Activity: Below are entries; copy exactly the lines from the one with "Bootverhuur Sealine Sealine" through the one with "Купе Bentley Continental GT 2012 в", both included, and leave out the rest.
·····
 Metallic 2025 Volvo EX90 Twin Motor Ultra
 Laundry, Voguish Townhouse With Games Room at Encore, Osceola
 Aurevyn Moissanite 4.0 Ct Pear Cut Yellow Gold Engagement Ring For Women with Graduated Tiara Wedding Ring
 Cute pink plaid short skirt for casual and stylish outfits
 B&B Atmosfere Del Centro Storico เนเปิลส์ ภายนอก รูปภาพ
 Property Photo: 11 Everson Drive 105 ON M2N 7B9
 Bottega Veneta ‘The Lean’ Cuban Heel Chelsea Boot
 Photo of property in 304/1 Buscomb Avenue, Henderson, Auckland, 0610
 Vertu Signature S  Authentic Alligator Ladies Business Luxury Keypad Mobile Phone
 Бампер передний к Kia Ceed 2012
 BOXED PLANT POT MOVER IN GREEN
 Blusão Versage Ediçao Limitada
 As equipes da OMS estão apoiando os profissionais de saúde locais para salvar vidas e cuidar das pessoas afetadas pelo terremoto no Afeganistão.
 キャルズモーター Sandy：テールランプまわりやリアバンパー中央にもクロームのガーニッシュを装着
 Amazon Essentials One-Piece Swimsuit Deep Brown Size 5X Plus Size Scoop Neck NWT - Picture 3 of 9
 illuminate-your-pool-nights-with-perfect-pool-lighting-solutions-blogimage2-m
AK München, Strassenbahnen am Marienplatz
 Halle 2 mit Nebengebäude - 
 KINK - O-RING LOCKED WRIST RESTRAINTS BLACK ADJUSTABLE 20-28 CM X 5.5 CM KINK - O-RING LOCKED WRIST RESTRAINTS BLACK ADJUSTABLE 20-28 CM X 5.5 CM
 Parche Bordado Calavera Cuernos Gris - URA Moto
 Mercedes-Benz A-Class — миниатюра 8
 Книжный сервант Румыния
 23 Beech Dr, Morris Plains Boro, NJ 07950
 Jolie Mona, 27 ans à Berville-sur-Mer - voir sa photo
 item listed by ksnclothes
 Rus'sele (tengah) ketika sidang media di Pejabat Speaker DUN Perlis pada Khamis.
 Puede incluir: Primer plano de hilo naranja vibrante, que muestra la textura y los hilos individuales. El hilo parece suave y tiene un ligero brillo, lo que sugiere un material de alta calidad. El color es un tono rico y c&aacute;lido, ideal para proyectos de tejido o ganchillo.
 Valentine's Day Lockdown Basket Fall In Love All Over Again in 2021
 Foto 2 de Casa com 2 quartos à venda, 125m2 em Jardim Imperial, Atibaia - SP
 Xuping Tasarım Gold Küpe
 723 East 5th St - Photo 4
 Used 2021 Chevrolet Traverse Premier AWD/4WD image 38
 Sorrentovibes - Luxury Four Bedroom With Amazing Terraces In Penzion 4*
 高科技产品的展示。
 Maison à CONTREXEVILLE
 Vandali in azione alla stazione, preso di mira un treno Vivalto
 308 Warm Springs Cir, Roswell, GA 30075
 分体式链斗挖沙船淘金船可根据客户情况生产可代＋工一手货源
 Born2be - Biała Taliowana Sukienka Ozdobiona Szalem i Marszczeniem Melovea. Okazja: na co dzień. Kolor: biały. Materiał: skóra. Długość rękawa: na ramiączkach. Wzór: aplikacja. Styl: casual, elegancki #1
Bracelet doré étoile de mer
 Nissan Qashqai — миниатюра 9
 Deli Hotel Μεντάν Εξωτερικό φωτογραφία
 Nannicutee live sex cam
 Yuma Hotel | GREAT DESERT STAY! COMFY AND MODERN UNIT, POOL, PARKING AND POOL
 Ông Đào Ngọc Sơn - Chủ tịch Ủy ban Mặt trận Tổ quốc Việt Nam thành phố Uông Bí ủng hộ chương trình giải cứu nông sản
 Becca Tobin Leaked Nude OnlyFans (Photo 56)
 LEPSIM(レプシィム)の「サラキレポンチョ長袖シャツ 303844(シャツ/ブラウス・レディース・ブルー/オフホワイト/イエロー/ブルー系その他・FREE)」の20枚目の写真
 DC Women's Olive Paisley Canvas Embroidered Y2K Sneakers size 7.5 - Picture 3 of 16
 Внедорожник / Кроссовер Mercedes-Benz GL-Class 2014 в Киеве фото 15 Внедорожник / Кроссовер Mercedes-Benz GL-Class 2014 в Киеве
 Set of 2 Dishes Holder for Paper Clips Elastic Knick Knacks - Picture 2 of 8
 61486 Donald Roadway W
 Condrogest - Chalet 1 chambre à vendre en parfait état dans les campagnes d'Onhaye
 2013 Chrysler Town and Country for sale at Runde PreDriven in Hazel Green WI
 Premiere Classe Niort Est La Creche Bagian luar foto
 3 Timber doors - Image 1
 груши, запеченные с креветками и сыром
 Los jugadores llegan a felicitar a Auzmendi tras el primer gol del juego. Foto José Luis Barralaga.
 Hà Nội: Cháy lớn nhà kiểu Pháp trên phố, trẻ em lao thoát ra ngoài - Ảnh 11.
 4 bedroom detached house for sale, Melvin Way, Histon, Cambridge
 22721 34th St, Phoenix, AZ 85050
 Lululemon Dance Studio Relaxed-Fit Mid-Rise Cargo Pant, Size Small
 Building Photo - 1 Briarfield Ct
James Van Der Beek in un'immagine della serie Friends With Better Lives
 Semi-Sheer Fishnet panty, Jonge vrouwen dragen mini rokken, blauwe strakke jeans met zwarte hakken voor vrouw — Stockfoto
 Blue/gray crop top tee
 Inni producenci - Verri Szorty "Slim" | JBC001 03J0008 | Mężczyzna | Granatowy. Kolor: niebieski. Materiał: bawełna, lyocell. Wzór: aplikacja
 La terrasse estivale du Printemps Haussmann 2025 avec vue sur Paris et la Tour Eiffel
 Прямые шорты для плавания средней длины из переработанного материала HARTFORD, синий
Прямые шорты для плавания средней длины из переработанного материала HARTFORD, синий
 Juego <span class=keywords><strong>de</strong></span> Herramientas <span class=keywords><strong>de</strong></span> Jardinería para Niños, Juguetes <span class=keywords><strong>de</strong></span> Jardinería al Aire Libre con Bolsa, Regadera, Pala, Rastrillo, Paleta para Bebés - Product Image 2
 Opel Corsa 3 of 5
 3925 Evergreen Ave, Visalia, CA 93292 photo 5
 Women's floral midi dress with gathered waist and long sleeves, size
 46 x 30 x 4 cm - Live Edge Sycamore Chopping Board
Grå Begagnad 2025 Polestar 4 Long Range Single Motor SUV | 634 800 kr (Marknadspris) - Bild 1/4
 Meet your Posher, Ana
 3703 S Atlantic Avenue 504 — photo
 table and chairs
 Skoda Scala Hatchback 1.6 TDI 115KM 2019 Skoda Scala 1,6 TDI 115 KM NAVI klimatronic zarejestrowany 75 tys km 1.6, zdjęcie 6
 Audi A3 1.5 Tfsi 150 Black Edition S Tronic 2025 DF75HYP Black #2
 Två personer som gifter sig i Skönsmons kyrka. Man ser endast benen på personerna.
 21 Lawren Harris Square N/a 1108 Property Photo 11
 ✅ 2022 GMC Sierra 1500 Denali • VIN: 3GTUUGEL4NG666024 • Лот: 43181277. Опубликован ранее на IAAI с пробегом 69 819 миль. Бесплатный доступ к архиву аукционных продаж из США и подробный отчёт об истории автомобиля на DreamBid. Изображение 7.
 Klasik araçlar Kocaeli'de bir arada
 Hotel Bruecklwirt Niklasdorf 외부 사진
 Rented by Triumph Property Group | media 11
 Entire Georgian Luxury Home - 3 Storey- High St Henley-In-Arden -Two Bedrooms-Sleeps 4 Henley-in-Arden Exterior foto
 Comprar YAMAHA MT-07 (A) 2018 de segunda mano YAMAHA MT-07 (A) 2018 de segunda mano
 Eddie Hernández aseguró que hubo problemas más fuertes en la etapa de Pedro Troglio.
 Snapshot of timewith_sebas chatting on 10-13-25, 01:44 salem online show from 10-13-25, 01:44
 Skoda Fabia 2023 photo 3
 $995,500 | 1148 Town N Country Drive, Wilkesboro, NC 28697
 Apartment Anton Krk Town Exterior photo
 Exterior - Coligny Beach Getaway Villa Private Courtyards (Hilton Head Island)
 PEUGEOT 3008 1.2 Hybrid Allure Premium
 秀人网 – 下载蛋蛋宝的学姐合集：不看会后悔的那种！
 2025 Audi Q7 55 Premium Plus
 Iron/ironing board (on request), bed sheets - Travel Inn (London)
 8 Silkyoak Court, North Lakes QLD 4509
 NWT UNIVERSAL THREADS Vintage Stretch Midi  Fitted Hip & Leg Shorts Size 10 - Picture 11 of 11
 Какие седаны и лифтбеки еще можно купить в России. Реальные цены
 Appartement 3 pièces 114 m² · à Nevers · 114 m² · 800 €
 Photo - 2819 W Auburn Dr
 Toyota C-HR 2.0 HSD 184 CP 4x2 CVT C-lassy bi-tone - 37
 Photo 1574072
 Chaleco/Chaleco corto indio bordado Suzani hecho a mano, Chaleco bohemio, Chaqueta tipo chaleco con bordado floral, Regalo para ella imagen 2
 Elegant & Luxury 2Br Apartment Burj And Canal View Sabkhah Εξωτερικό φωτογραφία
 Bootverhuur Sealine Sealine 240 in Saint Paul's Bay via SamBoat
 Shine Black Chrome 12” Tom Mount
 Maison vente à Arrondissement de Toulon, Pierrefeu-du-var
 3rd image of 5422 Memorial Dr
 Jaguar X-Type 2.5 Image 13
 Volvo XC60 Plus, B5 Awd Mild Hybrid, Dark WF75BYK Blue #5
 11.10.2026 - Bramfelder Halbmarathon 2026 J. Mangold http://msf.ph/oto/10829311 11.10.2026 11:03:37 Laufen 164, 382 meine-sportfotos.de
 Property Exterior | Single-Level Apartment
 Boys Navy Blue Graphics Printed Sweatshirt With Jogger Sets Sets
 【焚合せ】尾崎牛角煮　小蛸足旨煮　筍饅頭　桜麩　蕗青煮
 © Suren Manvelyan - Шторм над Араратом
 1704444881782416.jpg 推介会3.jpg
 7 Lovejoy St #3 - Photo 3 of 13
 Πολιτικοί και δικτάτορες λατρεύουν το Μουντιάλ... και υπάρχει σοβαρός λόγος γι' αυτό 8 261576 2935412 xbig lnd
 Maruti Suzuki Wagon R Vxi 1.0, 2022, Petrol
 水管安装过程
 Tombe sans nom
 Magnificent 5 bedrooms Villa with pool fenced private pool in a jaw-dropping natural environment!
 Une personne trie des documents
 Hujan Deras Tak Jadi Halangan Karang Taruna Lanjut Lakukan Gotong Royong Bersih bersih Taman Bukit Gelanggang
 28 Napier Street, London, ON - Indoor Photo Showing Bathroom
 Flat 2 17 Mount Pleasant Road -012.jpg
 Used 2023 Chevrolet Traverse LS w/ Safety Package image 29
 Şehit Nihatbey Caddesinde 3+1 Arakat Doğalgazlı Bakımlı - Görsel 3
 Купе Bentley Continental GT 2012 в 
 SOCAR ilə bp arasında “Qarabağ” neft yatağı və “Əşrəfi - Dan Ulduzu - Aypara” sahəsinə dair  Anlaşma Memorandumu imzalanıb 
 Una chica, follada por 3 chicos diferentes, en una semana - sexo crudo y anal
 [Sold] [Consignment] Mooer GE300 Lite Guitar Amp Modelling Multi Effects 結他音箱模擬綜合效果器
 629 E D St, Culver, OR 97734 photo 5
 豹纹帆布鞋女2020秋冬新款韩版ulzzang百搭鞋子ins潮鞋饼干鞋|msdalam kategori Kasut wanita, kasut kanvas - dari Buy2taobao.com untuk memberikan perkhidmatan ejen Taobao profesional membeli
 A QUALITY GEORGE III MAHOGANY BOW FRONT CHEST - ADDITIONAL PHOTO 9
·····
Exercise output:
 Bootverhuur Sealine Sealine 240 in Saint Paul's Bay via SamBoat
 Shine Black Chrome 12” Tom Mount
 Maison vente à Arrondissement de Toulon, Pierrefeu-du-var
 3rd image of 5422 Memorial Dr
 Jaguar X-Type 2.5 Image 13
 Volvo XC60 Plus, B5 Awd Mild Hybrid, Dark WF75BYK Blue #5
 11.10.2026 - Bramfelder Halbmarathon 2026 J. Mangold http://msf.ph/oto/10829311 11.10.2026 11:03:37 Laufen 164, 382 meine-sportfotos.de
 Property Exterior | Single-Level Apartment
 Boys Navy Blue Graphics Printed Sweatshirt With Jogger Sets Sets
 【焚合せ】尾崎牛角煮　小蛸足旨煮　筍饅頭　桜麩　蕗青煮
 © Suren Manvelyan - Шторм над Араратом
 1704444881782416.jpg 推介会3.jpg
 7 Lovejoy St #3 - Photo 3 of 13
 Πολιτικοί και δικτάτορες λατρεύουν το Μουντιάλ... και υπάρχει σοβαρός λόγος γι' αυτό 8 261576 2935412 xbig lnd
 Maruti Suzuki Wagon R Vxi 1.0, 2022, Petrol
 水管安装过程
 Tombe sans nom
 Magnificent 5 bedrooms Villa with pool fenced private pool in a jaw-dropping natural environment!
 Une personne trie des documents
 Hujan Deras Tak Jadi Halangan Karang Taruna Lanjut Lakukan Gotong Royong Bersih bersih Taman Bukit Gelanggang
 28 Napier Street, London, ON - Indoor Photo Showing Bathroom
 Flat 2 17 Mount Pleasant Road -012.jpg
 Used 2023 Chevrolet Traverse LS w/ Safety Package image 29
 Şehit Nihatbey Caddesinde 3+1 Arakat Doğalgazlı Bakımlı - Görsel 3
 Купе Bentley Continental GT 2012 в 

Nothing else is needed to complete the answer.